Question

For me usable means that:

  • it's being used in real-wold
  • it has tools support. (at least some simple editor)
  • it has human readable syntax (no angle brackets please)

Also I want it to be as close to XML as possible, i.e. there must be support for attributes as well as for properties. So, no YAML please. Currently, only one matching language comes to my mind - JSON. Do you know any other alternatives?

Was it helpful?

Solution

YAML is a 100% superset of JSON, so it doesn't make sense to reject YAML and then consider JSON instead.
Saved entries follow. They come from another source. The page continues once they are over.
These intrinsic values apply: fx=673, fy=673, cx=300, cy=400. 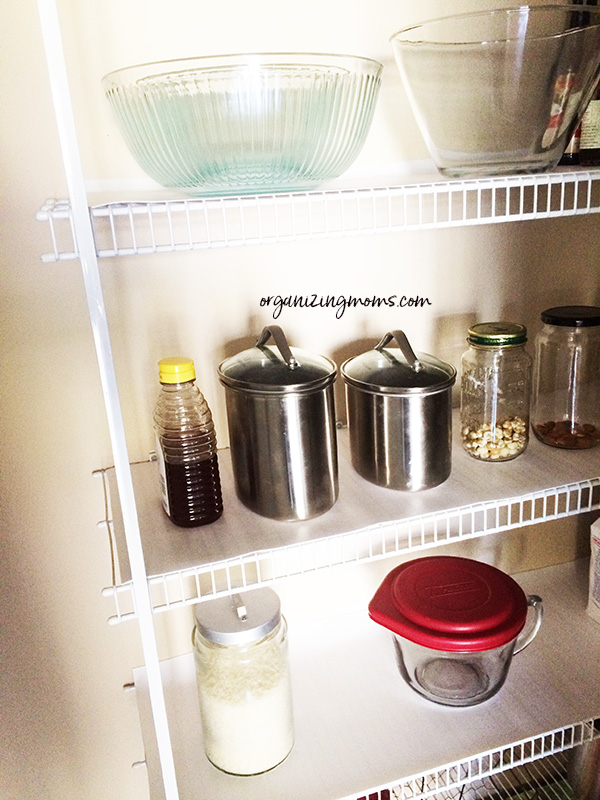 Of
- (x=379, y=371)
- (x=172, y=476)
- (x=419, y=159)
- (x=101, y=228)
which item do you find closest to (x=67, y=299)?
(x=101, y=228)

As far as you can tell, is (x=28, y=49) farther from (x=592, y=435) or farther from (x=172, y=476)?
(x=592, y=435)

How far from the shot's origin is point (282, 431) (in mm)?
812

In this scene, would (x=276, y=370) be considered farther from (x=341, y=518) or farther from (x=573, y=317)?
(x=573, y=317)

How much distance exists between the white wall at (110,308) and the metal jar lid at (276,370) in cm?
15

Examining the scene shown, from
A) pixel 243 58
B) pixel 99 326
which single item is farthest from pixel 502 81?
pixel 99 326

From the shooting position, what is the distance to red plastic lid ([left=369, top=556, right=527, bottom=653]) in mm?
908

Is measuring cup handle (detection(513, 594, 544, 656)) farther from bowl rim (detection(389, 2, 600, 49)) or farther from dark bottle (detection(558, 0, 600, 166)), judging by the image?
bowl rim (detection(389, 2, 600, 49))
YAML does everything JSON does, but YAML gives so much more too (like references).

I can't think of anything XML can do that YAML can't, except to validate a document with a DTD, which in my experience has never been worth the overhead. But YAML is so much faster and easier to type and read than XML.
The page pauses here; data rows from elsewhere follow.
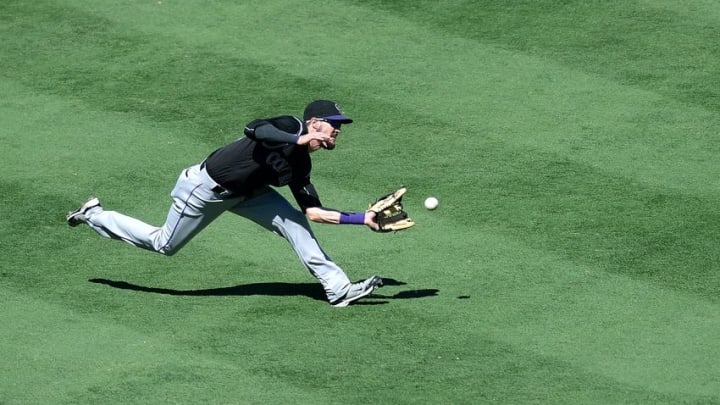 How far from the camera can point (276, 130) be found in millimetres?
9438

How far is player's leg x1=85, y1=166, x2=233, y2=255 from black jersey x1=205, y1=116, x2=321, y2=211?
0.57 feet

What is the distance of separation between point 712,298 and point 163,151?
5.47 metres

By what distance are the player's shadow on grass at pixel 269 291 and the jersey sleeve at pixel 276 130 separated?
52.3 inches

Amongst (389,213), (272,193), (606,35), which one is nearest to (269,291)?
(272,193)

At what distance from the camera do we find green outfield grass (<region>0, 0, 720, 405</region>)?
886cm

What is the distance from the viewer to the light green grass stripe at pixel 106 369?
848 cm

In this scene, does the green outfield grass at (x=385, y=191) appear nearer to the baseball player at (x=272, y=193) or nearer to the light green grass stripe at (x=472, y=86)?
the light green grass stripe at (x=472, y=86)

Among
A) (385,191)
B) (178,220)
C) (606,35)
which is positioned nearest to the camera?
(178,220)

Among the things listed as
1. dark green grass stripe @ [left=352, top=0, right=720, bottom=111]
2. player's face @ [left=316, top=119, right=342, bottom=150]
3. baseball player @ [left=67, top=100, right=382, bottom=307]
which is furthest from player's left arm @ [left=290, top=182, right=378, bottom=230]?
dark green grass stripe @ [left=352, top=0, right=720, bottom=111]

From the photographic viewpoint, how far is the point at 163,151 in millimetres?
12695

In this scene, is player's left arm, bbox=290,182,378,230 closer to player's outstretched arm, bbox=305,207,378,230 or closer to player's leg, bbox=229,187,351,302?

As for attributes or properties, if you think about it, they don't truly "add" anything... it's just a notational shortcut to write something as an attribute of the node instead of putting it in its own child node. But if you like that convenience, you can often emulate it with YAML's inline lists/hashes. Eg:

<!-- XML -->
<Director name="Spielberg">
    <Movies>
        <Movie title="Jaws" year="1975"/>
        <Movie title="E.T." year="1982"/>
    </Movies>
</Director>


# YAML
Director: 
    name: Spielberg
    Movies:
      - Movie: {title: E.T., year: 1975}
      - Movie: {title: Jaws, year: 1982}

For me, the luxury of not having to write each node tag twice, combined with the freedom from all the angle-bracket litter makes YAML a preferred choice. I also actually like the lack of formal tag attributes, as that always seemed to me like a gray area of XML that needlessly introduced two sets of syntax (both when writing and traversing) for essentially the same concept. YAML does away with that confusion altogether.

OTHER TIPS

JSON is a very good alternative, and there are tools for it in multiple languages. And it's really easy to use in web clients, as it is native javascript.

I have found S-Expressions to be a great way to represent structured data. It's a very simple format which is easy to generate and parse. It doesn't support attributes, but like YAML & JSON, it doesn't need to. Attributes are simply a way for XML to limit verbosity. Simpler, cleaner formats just don't need them.

TL;DR

Prolog wasn't mentioned here, but it is the best format I know of for representing data. Prolog programs, essentially, describe databases, with complex relationships between entities. Prolog is dead-simple to parse, whose probably only rival is S-expressions in this domain.

Full version

Programmers often "forget" what XML actually consists of. Usually referring to a very small subset of what it is. XML is a very complex format, with at least these parts: DTD schema language, XSD schema language, XSLT transformation language, RNG schema language and XPath (plus XQuery) languages - they all are part and parcel of XML standard. Plus, there are some apocrypha like E4X. Each and every one of them having their own versions, quite a bit of overlap, incompatibilities etc. Very few XML parsers in the wild implement all of them. Not to mention the multiple quirks and bugs of the popular parses, some leading to notable security issues like https://en.wikipedia.org/wiki/XML_external_entity_attack .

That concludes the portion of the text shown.